Look, it's us against them. At the moment, they're eating our lunch, and they know it. They probably sit in their dark-wood board rooms and laugh at us. If they're not laughing, they're at least confident they can beat us anytime they want — because they're together and we're divided.
They're Convergys. They're Saks. They're the Kroger Co. They're the Cincinnati Reds. They're the Cincinnati Bengals. They're about to be Cincinnati Bell. One day they'll likely be Procter and Gamble.
All lined up with their hands out for the people's money. All using the threat that they'll leave us if we don't meet their demands.
Like pathetic victims of Mafia extortion, we cower. In the end, we give it up. Worse, our elected officials craft brainy documents to make it all look legitimate, or at least inevitable.
Surprised? C'mon. Those same elected officials get piles of campaign money from the corporate extortionists.
When will citizens finally stand up and tell these panhandlers no? I mean, wouldn't your jaw have dropped if nine members of Cincinnati City Council and Mayor Charlie Luken had called a news conference and announced that no public money would go to a free enterprise company to help it earn more profit?
It doesn't seem to matter how many times they demand money. We give it up. It doesn't matter how many times we get stung by the product. We give it up. The Bengals and the Reds both demanded new stadiums.

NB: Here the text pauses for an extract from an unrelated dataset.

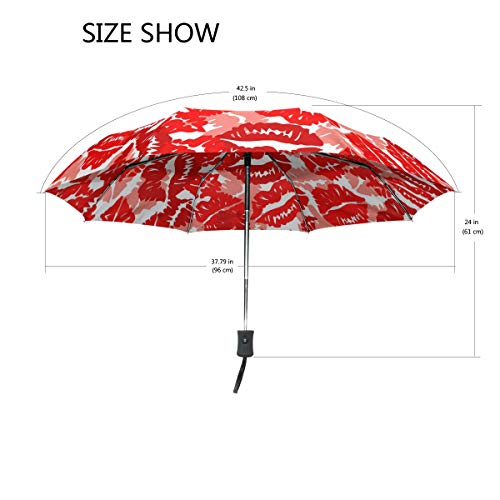 Ahomy Paraguas Plegable de Viaje, Resistente al Viento, Impresiones Rojas de pintalabios para el día de San Valentín, Paraguas, Cierre automático, Mango Antideslizante y Funda Protectora.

We worried they'd blow town if we didn't cave. Both have rewarded us with teams that shame us.
A newspaper article last week said that Convergys' profits are down 27 percent this past quarter. Yet it didn't seem to matter.

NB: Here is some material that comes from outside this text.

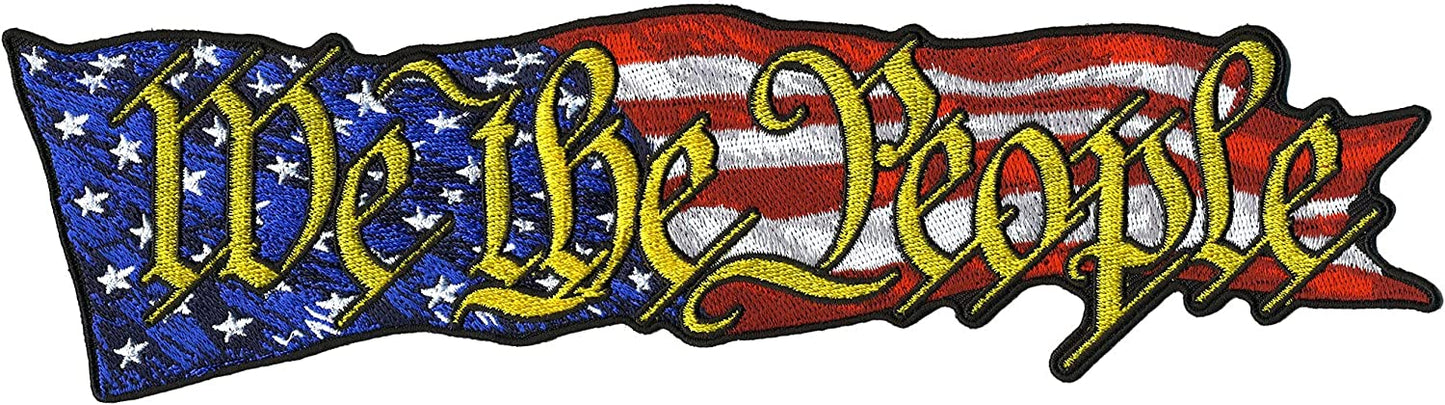 WE THE PEOPLE US FLAG, LARGE PATCH - US American Patriotic High Thread Iron-On Heat Sealed Backing Sew-On Patriotic Large Patch - 10" x 2.5"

Nothing mattered, because powerful companies have learned that as long as they keep the people divided they can win this game, get pretty much whatever they want. Even if some indebted government officials put on a show of tough negotiations, the companies still come out far ahead. The corporate extortionists know they really deserve nothing; for them, the game is all gain.
Free enterprise is not supposed to work this way. The words mean what they say. The freedom to respond to a perceived consumer need or want with a product or service enterprise. You take a great risk on the gamble that you'll make a great profit.
But then corporate extortionists learned that if you pit, say, Cincinnati government officials against, say, Covington officials against, say, Blue Ash officials, you can get stuff that free-enterprise theorists never promised: Money for your buildings, huge tax breaks, special parking lots or even huge stadiums.
So there's our problem. We the people, through our elected officials, are not organized. We're like skinny kids who shudder when we see frowns on the faces of the jocks as they walk our way on the playground. We've got our new pens or our lunch money out of our pockets before they reach us, ready to hand them over with hardly a discussion.
But what if leaders across America held a corporate extortionist summit? What if they all agreed — city council members, county commissioners, even township trustees — that none would give a corporate boss one more dime of public money?
Sure, everyone would agree to provide clean, safe streets, good public transportation, even quality schools for employees. But no public money would be given to businesses for their buildings, no tax breaks. Just a straight up business climate.
What if every community unified to stop the success of corporate extortion? Then a Convergys would not think to drop the name of a Northern Kentucky community or the state of Indiana to jar loose Cincinnati's lunch money.
Sure, we've heard all the arguments defending the big squeeze: "It's a competitive climate." ... "If we don't give in to them, they'll move far away." Here's the best one. "We'll become Detroit." But it all stops when no one gives in to them.
Every corporate boss reading this column knows what I'm saying is true. They drape their hustles in silk and bow ties and send off media letters about their philanthropy, but they know damn well their game's over the day the people all say no.
What's odd about this is that our collective national mindset is just the opposite when we deal with other bullies. We don't negotiate with hijackers, terrorists and kidnappers. The reason? Reward them and they'll line up to grab our celebrities, our politicians, even our family members. We have a well-known policy of saying no, and we have relatively few extortion plots. There's simply no pay off.
Get wise, people. The Brown family duped us. Now they mock us. Find me 10 people who think Mike Brown should continue to call the shots with the Cincinnati Bengals. Yet he maintains control. He has rewarded our naíve generosity with on-the-field losses and cost overruns.
Isn't this a silly world? We worry about a guy selling a Streetvibes on a corner. We want poor people to get a license to ask for a quarter. We threaten some people living under a highway overpass with arrest. But we spend weeks of time and thousands of public dollars to talk with teams of representatives from corporate extortionists to work out their shakedown.
I wrote last month that only when regular people stand up to the daunting power of the corporate oligarchy will we have the America of our dreams. Facing down corporate extortionists would be a good place to start.